Querying Temporal Tables

,

Temporal tables a.k.a Table Versioning was introduced in SQL Server 2016 and is an easy, convenient way to track changes to data. A good introduction to temporal tables can be found here. One of the key advantages of versioning tables is easy of querying – or getting a ‘single pane of glass’ look of how data in table looked at any given point in time. But it is important though to understand how to query this data, so that you get what you need in this regard.

There are 5 clauses we can use to query versioned data. More details on how to use them can be found here.
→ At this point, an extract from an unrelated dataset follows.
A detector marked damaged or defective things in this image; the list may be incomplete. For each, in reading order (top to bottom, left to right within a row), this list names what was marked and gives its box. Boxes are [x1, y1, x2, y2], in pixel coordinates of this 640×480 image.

These are mostly easy to use, with some nuances attached. It is important to know those to put them to optimal use.

  • AS OF <date_time>
  • FROM <start_date_time> TO <end_date_time>
  • BETWEEN <start_date_time> AND <end_date_time>
  • CONTAINED IN (<start_date_time> , <end_date_time>)
  • ALL

To get started am going to set up a table for versioning – similar to what I did in this article.
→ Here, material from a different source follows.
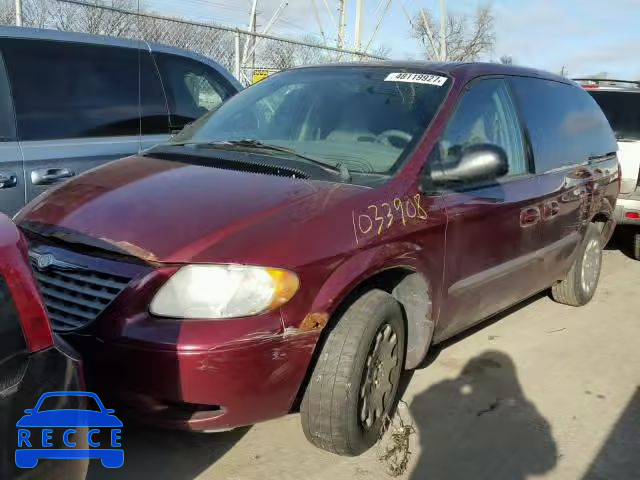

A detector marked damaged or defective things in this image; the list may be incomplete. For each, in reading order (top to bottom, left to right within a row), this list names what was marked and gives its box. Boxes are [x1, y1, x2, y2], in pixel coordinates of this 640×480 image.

dented hood [15, 156, 362, 262]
CREATE TABLE [dbo].[Region]
(RegionID INT IDENTITY(1,1) NOT NULL
     CONSTRAINT PK_Region PRIMARY KEY CLUSTERED,
 RegionDescription VARCHAR(100) NULL,
 StartDateTime datetime2 generated always as row start NOT NULL,
 EndDateTime datetime2 generated always as row end NOT NULL,
 PERIOD FOR SYSTEM_TIME (StartDateTime, EndDateTime))
 WITH (SYSTEM_VERSIONING = ON (HISTORY_TABLE = dbo.Region_History));
INSERT INTO [dbo].[Region]
(RegionDescription)
values
('Northeast')
,('Southwest')
,('West')
,('Southeast')
,('Midwest');

Below script creates some history in the table that we can use to be queried upon and understand how querying works. This script may take up to 10 minutes to run as it is creating history records with multiple timestamps.

DECLARE @counter INT
SELECT @COUNTER = 100
WHILE @counter > 0
 BEGIN
  UPDATE [dbo].[Region]
   SET RegionDescription = 'NorthEast'
  WHERE RegionDescription = 'Northeast'
  WAITFOR DELAY '00:00:01'
  UPDATE [dbo].[Region]
    SET RegionDescription = 'Southwest '
   WHERE RegionDescription = 'Southwest'
  WAITFOR DELAY '00:00:01'
  UPDATE [dbo].[Region]
    SET RegionDescription = 'Southeast '
  WHERE RegionDescription = 'Southeast'
  WAITFOR DELAY '00:00:01'
  UPDATE [dbo].[Region]
   SET RegionDescription = 'Midwest '
  WHERE RegionDescription = 'Midwest'
  WAITFOR DELAY '00:00:01'
  UPDATE [dbo].[Region]
   SET RegionDescription = 'MidWest'
  WHERE RegionDescription = 'Midwest '
  WAITFOR DELAY '00:00:01'
  UPDATE [dbo].[Region]
   SET RegionDescription = 'SouthWest'
  WHERE RegionDescription = 'Southwest '
  WAITFOR DELAY '00:00:01'
  UPDATE [dbo].[Region]
   SET RegionDescription = 'SouthEast'
  WHERE RegionDescription = 'Southeast '
  SELECT @counter = @counter - 1
 END

Querying Temporal tables using AS OF

This clause is supposed to show how the table looks as of a certain date and time. So, I want to see how the table looked at 2019-04-21 18:00:00, before I did any changes.

SELECT *
 FROM [dbo].[Region]  
 FOR SYSTEM_TIME AS OF '2019-04-21 18:00:00.000'

There are no rows returned. Let us look at execution plan for this query and see what exactly it is doing under the hood.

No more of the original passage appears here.